Retype every line from the start of the data down to and including the line with "ANTICO PUTTO CUPIDO". Skip the pictures.

** Task inputs follows **

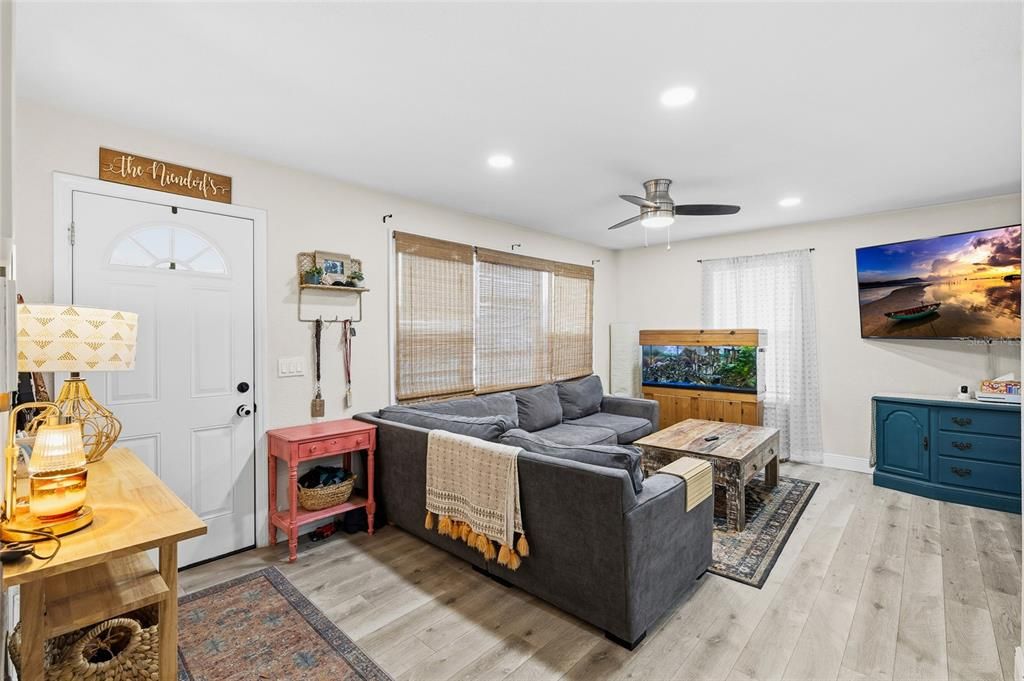 For Sale: $269,900 (2 beds, 1 baths, 888 Square Feet)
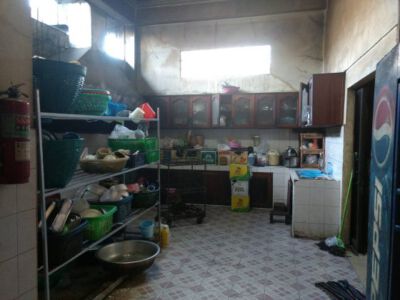 2018-12-13 Die Küche eines Laotischen Restaurants in Thakhek.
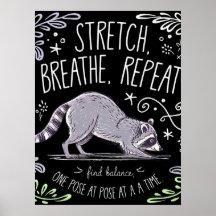 Stretch Breathe Repeat - Schattige Yoga Wasbeer On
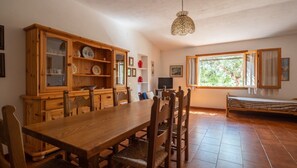 Dining - Holiday Home 'Ulivo A Fuile Mare' with Mountain View, Wi-Fi & Air Conditioning (Sas Linnas Siccas)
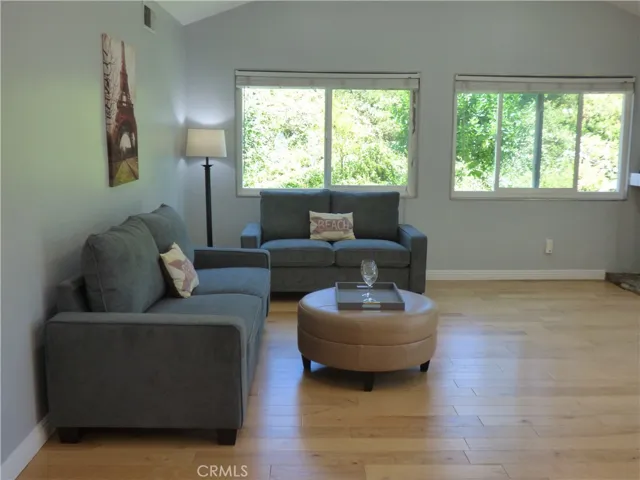 5650 Lake Lindero, Agoura Hills, California 91301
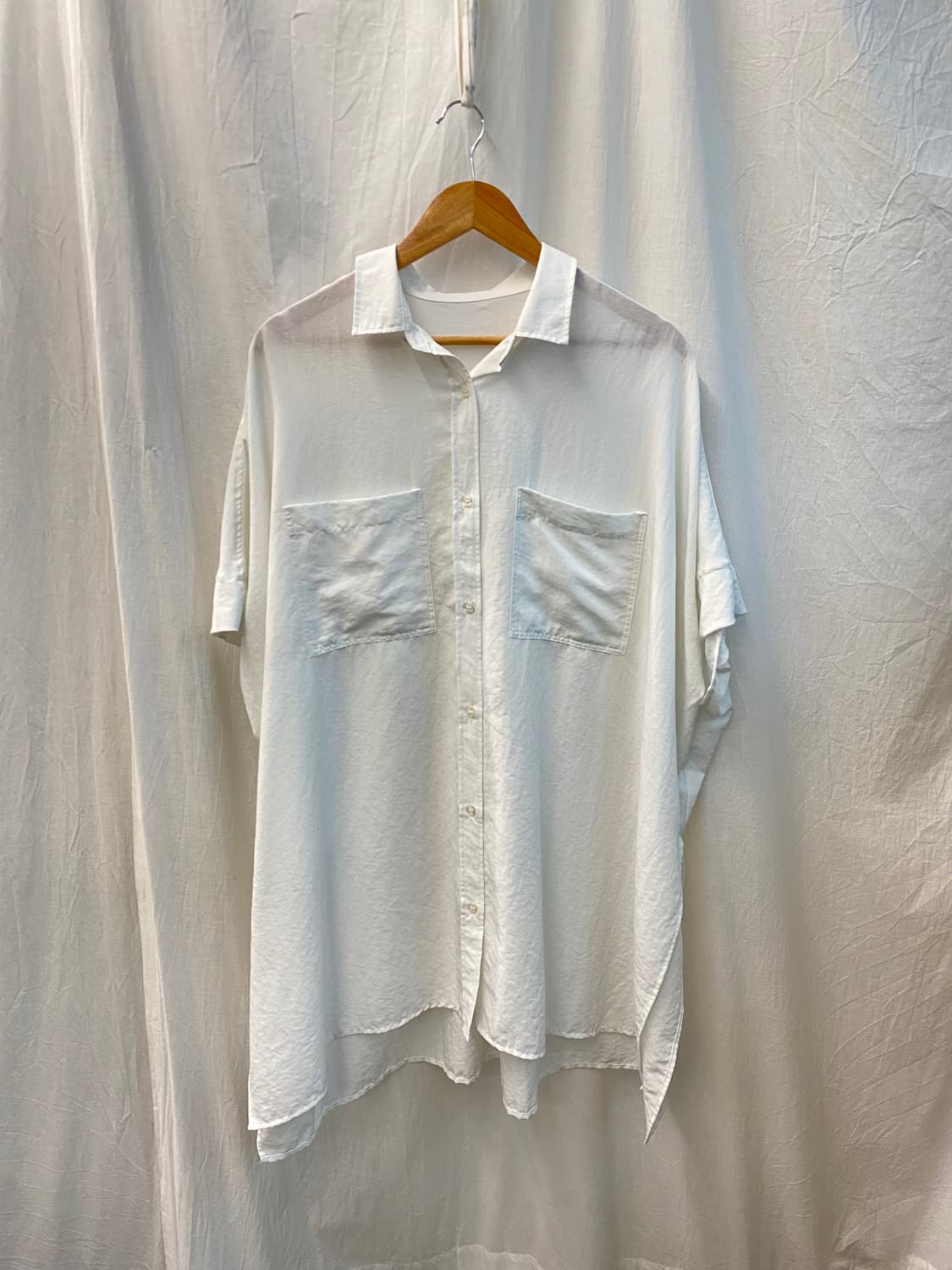 LEPSIM 화이트 오버핏 롱블라우스(F) 상품이미지2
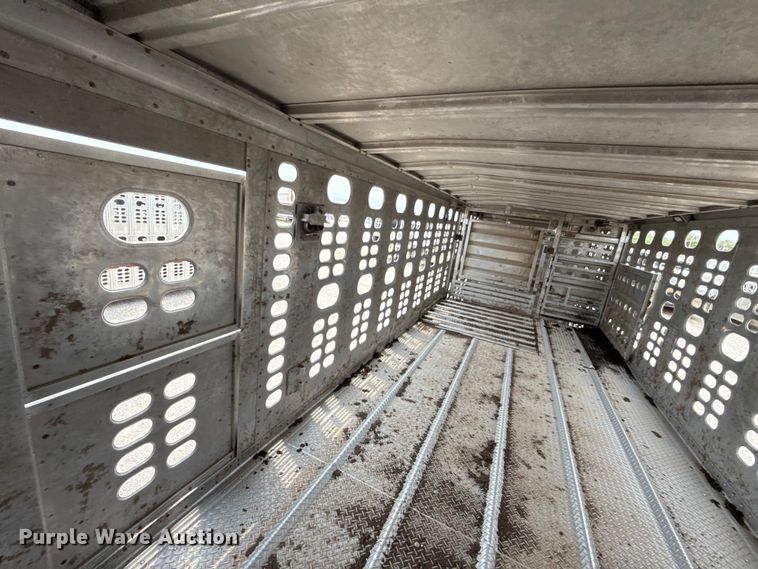 image for item ET6386 2017 Wilson PSDCL-402 livestock trailer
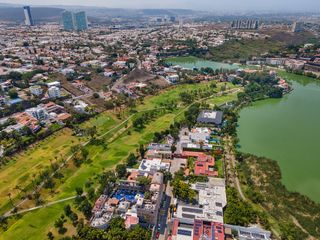 Casa Frente Al Club de Golf | Piedra, Madera y Arquitectura Única | Juriquilla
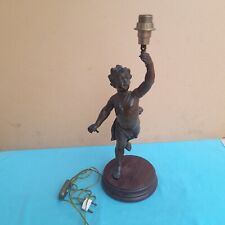 ANTICO PUTTO CUPIDO IN BRONZO ADATTATO A LAMPADA CON BASE IN LEGNO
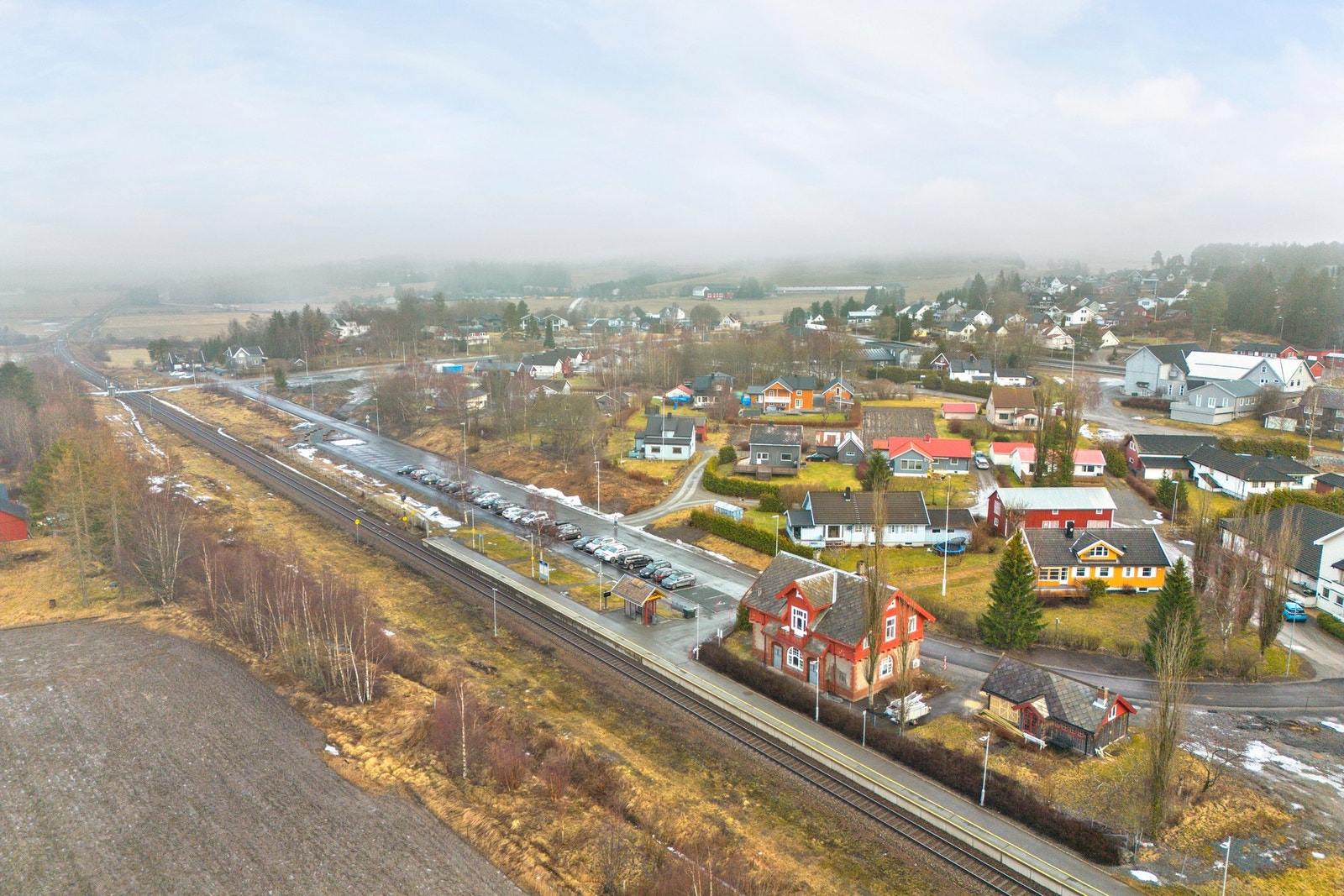 Beliggende i søndre del av grendesenteret Sparbu, ca. 13 km fra Steinkjer sentrum. Ligger i område med variert nærings- og boligbebyggelse som boliger, bensinstasjoner, kafe og grendehus. Kort vei til Steinkjer, Inderøy og Verdal. Galleribilde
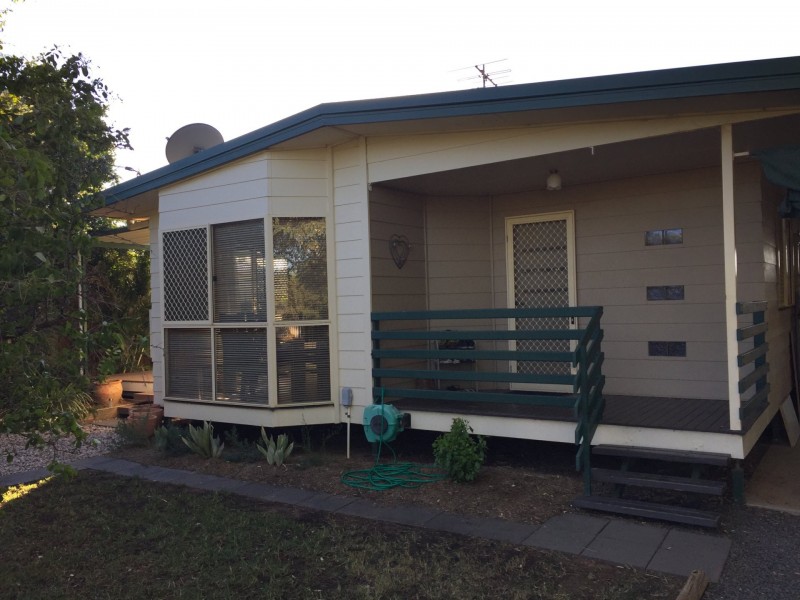 36 Downs Street, Roma QLD 4455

** End of Task inputs **

**Written solution:**
 For Sale: $269,900 (2 beds, 1 baths, 888 Square Feet)
 2018-12-13 Die Küche eines Laotischen Restaurants in Thakhek.
 Stretch Breathe Repeat - Schattige Yoga Wasbeer On
 Dining - Holiday Home 'Ulivo A Fuile Mare' with Mountain View, Wi-Fi & Air Conditioning (Sas Linnas Siccas)
 5650 Lake Lindero, Agoura Hills, California 91301
 LEPSIM 화이트 오버핏 롱블라우스(F) 상품이미지2
 image for item ET6386 2017 Wilson PSDCL-402 livestock trailer
 Casa Frente Al Club de Golf | Piedra, Madera y Arquitectura Única | Juriquilla
 ANTICO PUTTO CUPIDO IN BRONZO ADATTATO A LAMPADA CON BASE IN LEGNO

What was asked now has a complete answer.